Sharp $ A_2$ Inequality for Haar Shift Operators

TL;DR

This paper provides a new, flexible proof for the sharp A_2 inequality of Haar shift operators, including the Hilbert transform, using a corona decomposition and a two-weight T1 theorem, simplifying previous Bellman function methods.

Contribution

It introduces a novel proof technique for the A_2 inequality that applies uniformly to all Haar shifts, avoiding Bellman functions.

Findings

Proved the A_2 bound for Haar shift operators using corona decomposition.

Extended the proof to the Hilbert transform as a corollary.

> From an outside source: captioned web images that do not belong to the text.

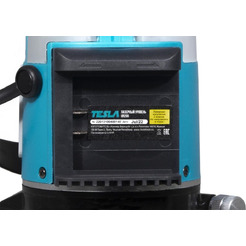 Лазерный нивелир Tesla UR20G (663149)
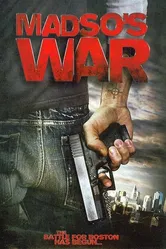 Война Мэдсо 2010 постер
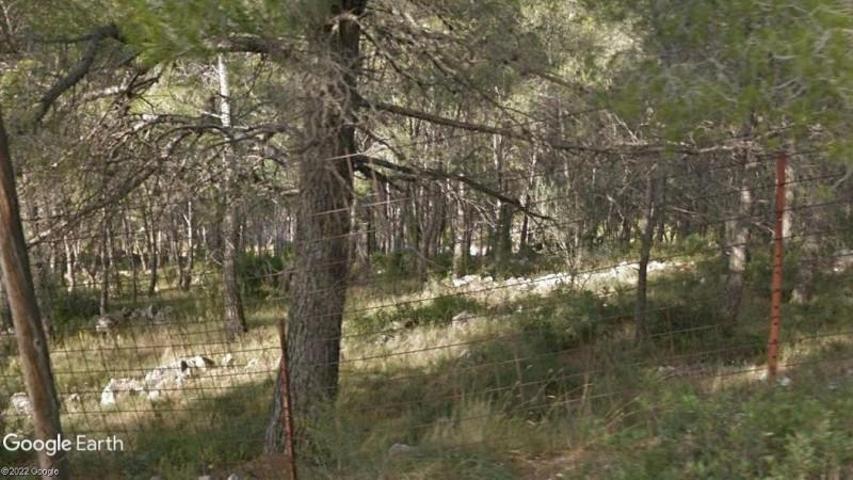 Terreno en venta en Canyelles, Les Palmeres photo 0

Demonstrated the flexibility of the new proof approach.

Abstract

As a corollary to our main theorem we give a new proof of the result that the norm of the Hilbert transform on L^2(w) has norm bounded by a the A_2 characteristic of a weight to the first power, a theorem of one of us. This new proof begins as the prior proofs do, by passing to Haar shifts. Then, we apply a deep two-weight T1 theorem of Nazarov-Treil-Volberg, to reduce the matter to checking a certain carleson measure condition. This condition is checked with a corona decomposition of the weight. Prior proofs of this type have used Bellman functions, while this proof is flexible enough to address all Haar shifts at the same time.